On reprend la définition de l’innovation d’après la banque NOVA de l’INRP: L’innovation est un processus qui a pour intention une action de changement et pour moyen l’introduction d’un élément ou d’un système dans un contexte déjà structuré. Pour Marie, se former à l’innovation prendra donc deux formes: une modalité en formation d’équipe sur les pratiques en EPS, une autre modalité dans l’organisation de groupements différenciés.
Doit-on innover dans la formation ?
En France, la formation d’enseignants est un objet de débat conflictuel et nous renvoie finalement à la difficulté du politique de définir le socle commun pour les élèves. Car dans cette branche d’activité, nous sommes en situation d’isomorphie. Dis-moi ce que l’élève devra savoir (faire), je te dirai ce que l’enseignant doit savoir (enseigner).
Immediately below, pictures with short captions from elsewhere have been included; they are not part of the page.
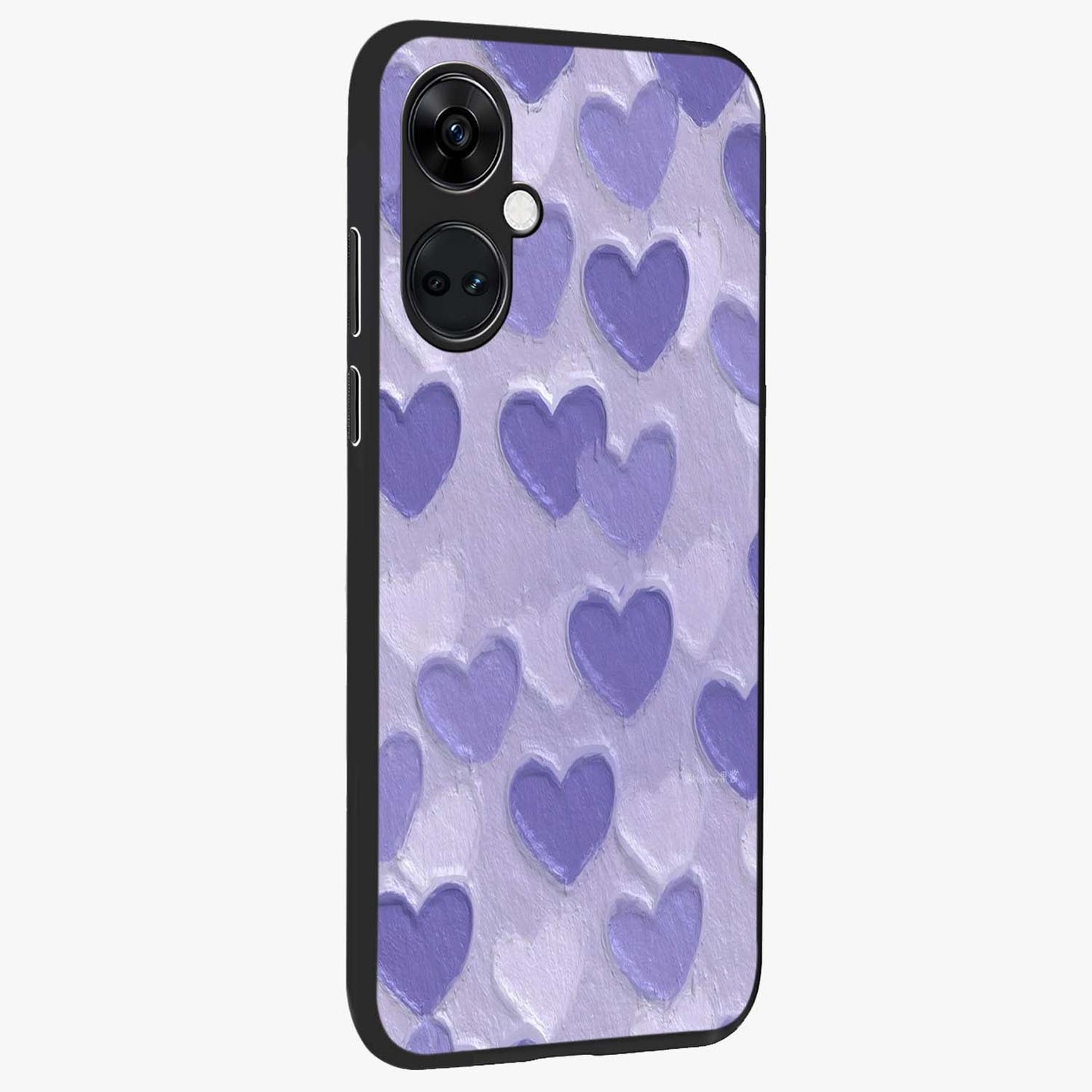 Lavender Paper Hearts Glass Case for 1+Nord Ce 3 side perspective highlighting delicate heart textures and sleek build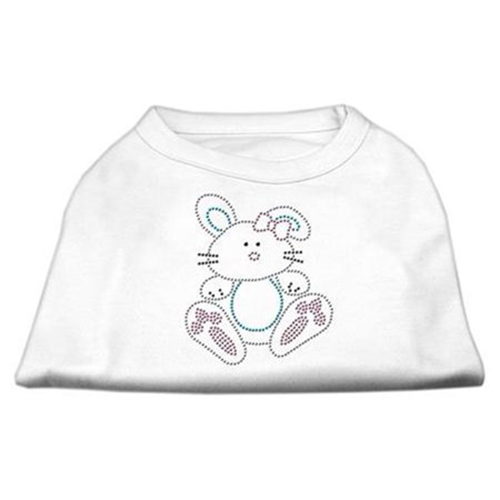Bunny Rhinestone Dog Shirt White Sm (10)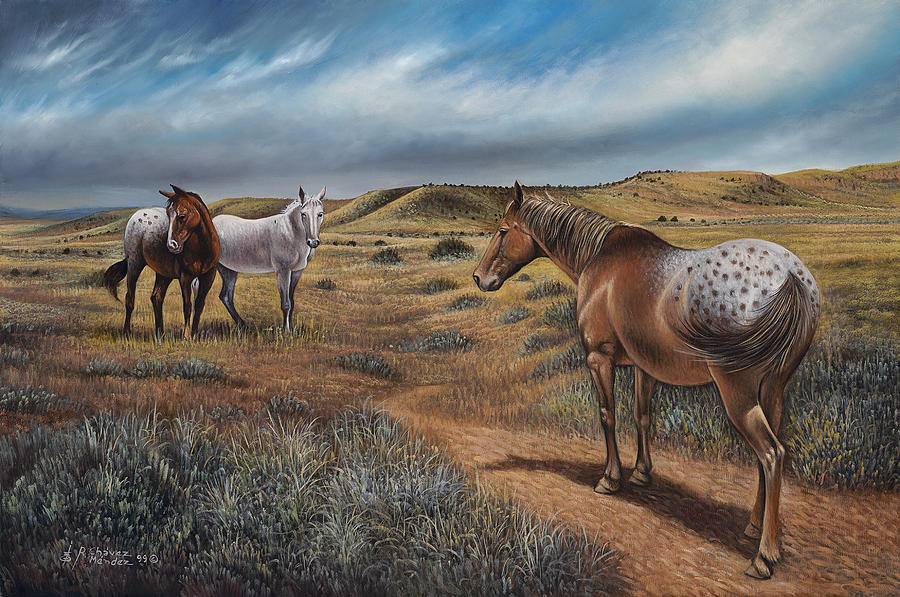 Horse Painting - Cayuse Country by Ricardo Chavez-Mendez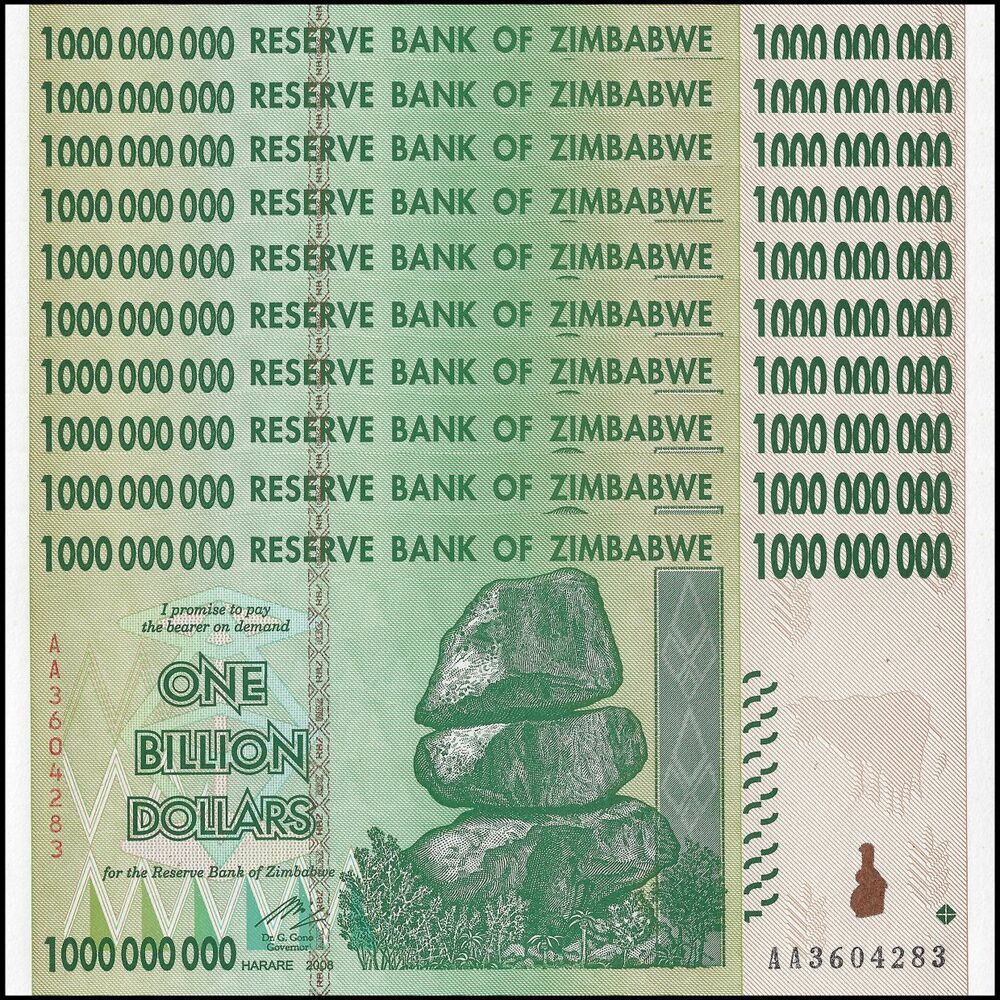 Zimbabwe - 1.000.000.000 Dollars 2008 - Pick- 83 / B174 - Set 10 PCS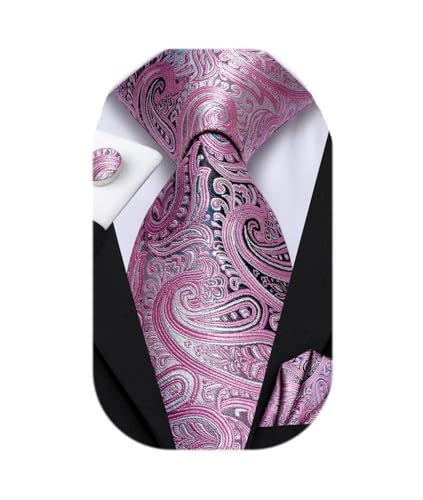 Image of Dubulle Mens Tie Set Solid Paisley Silk Striped Necktie for Men with Cufflinks Tie and Pocket Square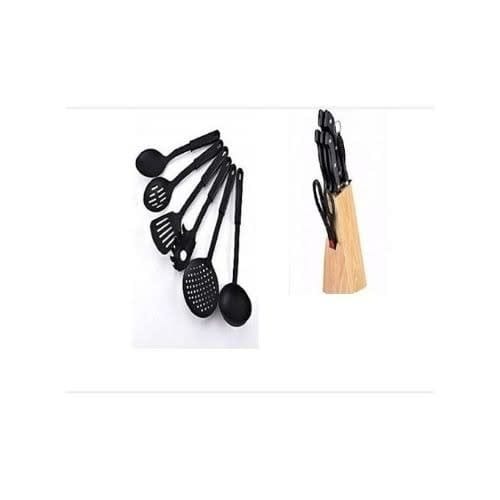 Kitchen Bundle - 8 Pieces Knife Sets + 6 Pieces Non Stick Spoon Set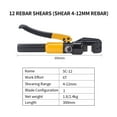 thumbnail image 2 of Hydraulic Shears Cutting Machine Portable Rebar Scissors Manual Hydraulic Rebar Shears ,Durable Material, 2 of 7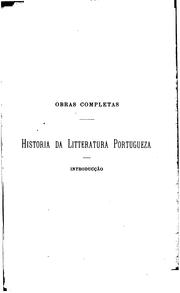 Cover of: Historia da litteratura portugueza ... by Teófilo Braga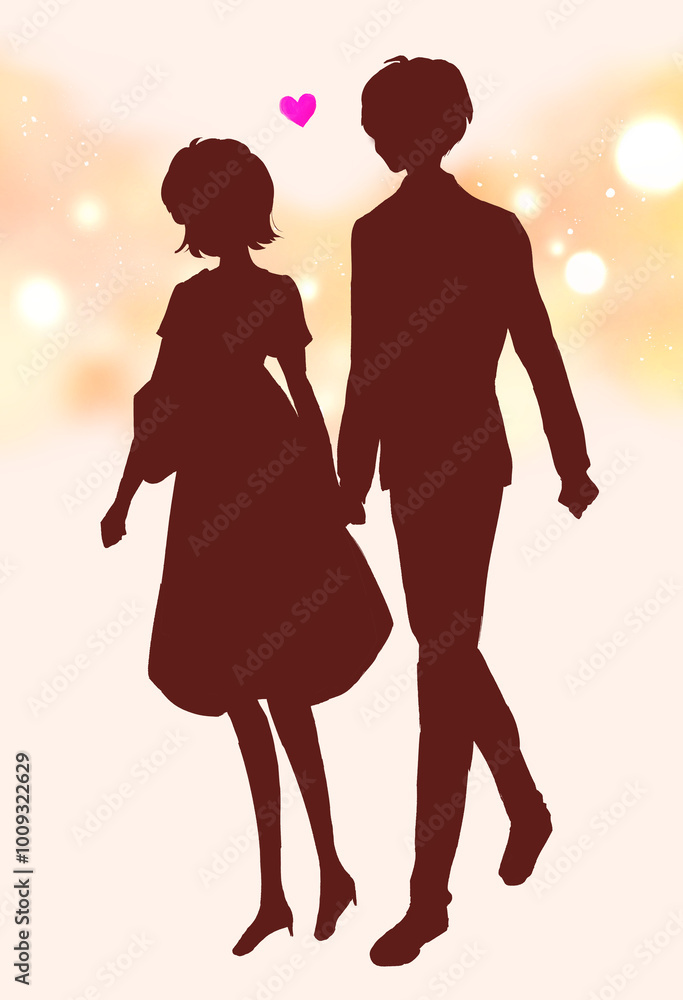 手を繋いでデートする男女 影絵 手を繋いでデートする男女 影絵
D’autre part, nous n’avons pas assez opéré la rupture conceptuelle dans le monde de l’Education nationale en matière de formation professionnelle: on se préoccupe plus de savoirs à enseigner que de savoirs pour enseigner; on considère encore trop facilement qu’un bon formateur est un bon enseignant et cela suffit.
Dans ce sens, il est devenu urgent, voire stratégique, d’innover dans la formation des enseignants, compte tenu du renouvellement considérable des personnels dans les toutes prochaines années.
Alors, qu’est-ce que serait une formation professionnelle de l’enseignant? Un élément de réponse consiste à ne pas squeezer le niveau des pratiques de formation (puisque c’est bien le domaine de l’innovation, les réformes et les structures sont de l’ordre de l’institution): une formation plus efficace consisterait à surveiller les points suivants:Proposer des objectifs et des consignes clairs.
Tenir compte de l’intérêt des élèves.
Proposer une activité à l’image des activités accomplies dans leur métier.
Représenter un défi à relever.
Utiliser des stratégies de résolution de problèmes.
Utiliser des connaissances acquises dans différents domaines.
Donner l’occasion de faire des choix.
Travailler sur une période de temps suffisante.
Conduire à un produit fini.
Alors, l’innovation est-elle une mode, passée de surcroît? Si on se contente d’un affichage politique, peut-être: les valeurs de changement sont idéologiquement plutôt ancrées à gauche, celles de stabilité à droite, mais c’est très réducteur et très français.
Il nous faut compter aussi avec des tendances de plus longue durée, comme l’autonomie des établissements, actée depuis 1985, et jamais bien encore réalisée dans les faits, jusqu’à la contractualisation à Paris qui ne fait que débuter en… 2007, la déconcentration et la régionalisation qui rend plus perceptibles les relations avec les collectivités territoriales, et le changement de gouvernance exprimée par le « droit à l’expérimentation » article 34 de la Loi de 2005.et article L 401-1 du Code de l'Education. L’innovation n’est pas une mode, cela devient un droit reconnu, conseillé et appuyé. Les mois prochains nous permettront d’en évaluer les impacts.
Si on la transcrit en développement de compétences professionnelles, en adaptabilité de l’emploi à des situations toujours plus variées, en accroissement de performances des équipes, il s’agit donc bien d’une tendance lourde à la professionnalisation d’un corps en passe de profondes mutations. Le temps court du politique ne doit pas obérer le temps long des mutations et des micro-changements du système éducatif et des équipes qui accomplissent un travail de qualité au jour le jour. Au politique d’étayer ce travail, aux enseignants et aux cadres d’accompagner le changement… pour les élèves.